La Cour des comptes de France publie ce mardi 12 mars 2024 son rapport annuel scrutant la trajectoire économique du pays en termes de déficit, de dette et autres. Or, l’institution émet de sérieuses réserves sur les ambitions et la solidité de cette trajectoire, spécialement concernant le déficit public et l’adaptation aux défis environnementaux.
Déficit : l’austérité annoncée est déjà insuffisante pour la Cour des Comptes
Déficit public : le manque d’ambition du gouvernement
Le rapport critique fortement la trajectoire du déficit public présentée par le gouvernement dans la loi de programmation des finances publiques pour 2023-2027. La Cour des comptes juge cette trajectoire « peu ambitieuse » et « fragile », soulignant trois faiblesses majeures : un scénario macroéconomique jugé trop optimiste dès 2024, un retour tardif du déficit public sous le seuil des 3% du PIB prévu seulement pour 2027, et des efforts de maîtrise des dépenses qualifiés d'inédits mais non documentés, renvoyés à la période 2025-2027.
Pierre Moscovici, premier président de la Cour des comptes, a mis en garde contre un respect incertain de l'objectif de déficit public à 4,4% du PIB pour 2024, malgré les récentes coupes budgétaires de dix milliards d'euros. La trajectoire gouvernementale, selon lui, manque d'ambition et intègre un déficit croissant de la Sécurité sociale, ne laissant aucune marge de manœuvre en cas de scénario économique moins favorable. « Cet objectif est loin d'être acquis ! La nouvelle de prévision de croissance à 1% pour 2024 reste toujours significativement supérieure au consensus. Nous partirons en outre d'un niveau bien plus élevé pour le déficit 2023. Enfin, les recettes décevantes de 2023 risquent de peser sur 2024 par effet de base », explique-t-il dans un entretien accordé au journal Les Echos. « L'objectif d'un déficit de 4,4% exigera sans doute des mesures d'économies supplémentaires. »

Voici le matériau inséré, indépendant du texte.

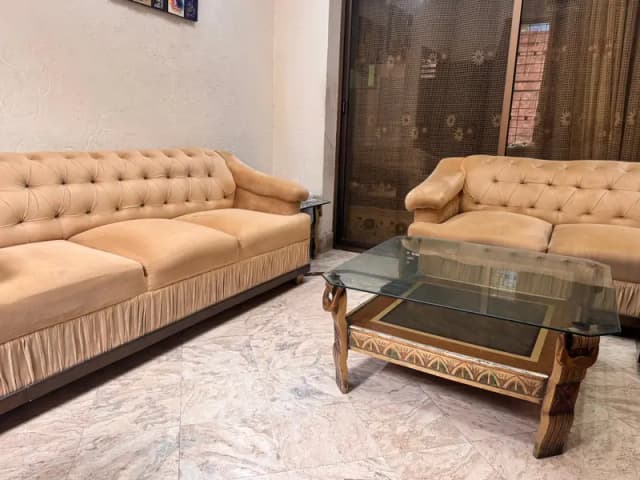 5 Seater Premium Sofa Set | Golden Beige Tufted Wooden Sofa | Lahore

France : la dette explose et atteint de nouveaux records
L'analyse met également en exergue la charge croissante de la dette, qui devrait augmenter de dix milliards d'euros entre 2023 et 2024, atteignant 57 milliards d'euros. « Notre situation décroche non seulement par rapport aux pays traditionnellement vertueux comme l'Allemagne, les Pays-Bas, l'Autriche, mais aussi par rapport au Portugal, dont la dette publique est désormais inférieure à 100% du PIB. » La dette devrait en effet atteindre 109,7% du PIB en 2024 et 108,1% en 2027.

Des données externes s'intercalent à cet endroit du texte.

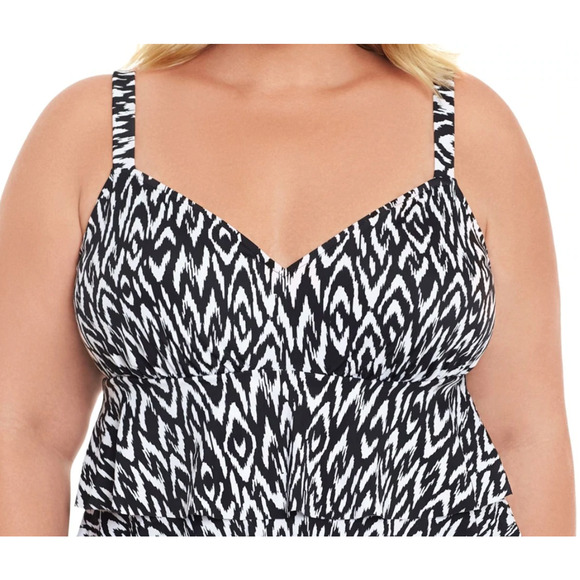 Swim Solutions Black Tankini Ruffled One-piece Swimsuit 10 NEW - Picture 2 of 7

Et Pierre Moscovici prévient : pour réussir, le gouvernement devra chercher encore des économies, et même « des efforts d’économies sans précédent dans l’histoire récente ». Selon la Cour des Comptes, ce sont 50 milliards d’euros d’économies que l’exécutif devrait réussir à faire sur la période 2025-2027.
Comment ? C’est toute la question. Si pour Pierre Moscovici « il n’y a pas de secteur totalement sanctuarisé », ce qui signifie que des coupes pourraient encore être prévues au niveau des dépenses sociales, il n’est pas contre mettre à contribution les plus riches. « Cela n'empêche pas de jouer de la fiscalité comme d'un instrument de redistribution. Ou de lancer des prélèvements exceptionnels, temporaires - qui ne sont pas un « ISF vert » - comme pouvait l'envisager le rapport Pisani-Mahfouz. La Cour n'a pas à s'exprimer sur l'opportunité d'un tel choix, mais, à titre personnel, je pense que le débat mérite au moins d'être posé », déclare-t-il aux Echos.
Le gouvernement n’est pas prêt pour le changement climatique
Par ailleurs, le rapport ne se limite pas à une critique des prévisions budgétaires et de la gestion de la dette. Il adresse également un sérieux avertissement sur l'approche du gouvernement vis-à-vis du changement climatique. La Cour reconnaît une prise de conscience mais déplore l'absence d'une action publique cohérente, transparente et efficace en matière d'adaptation au changement climatique, notant un « kaléidoscope de réponses » souvent non articulées et critiquant le rôle de l'État qui ne parvient pas à définir clairement des objectifs et des trajectoires pour les atteindre.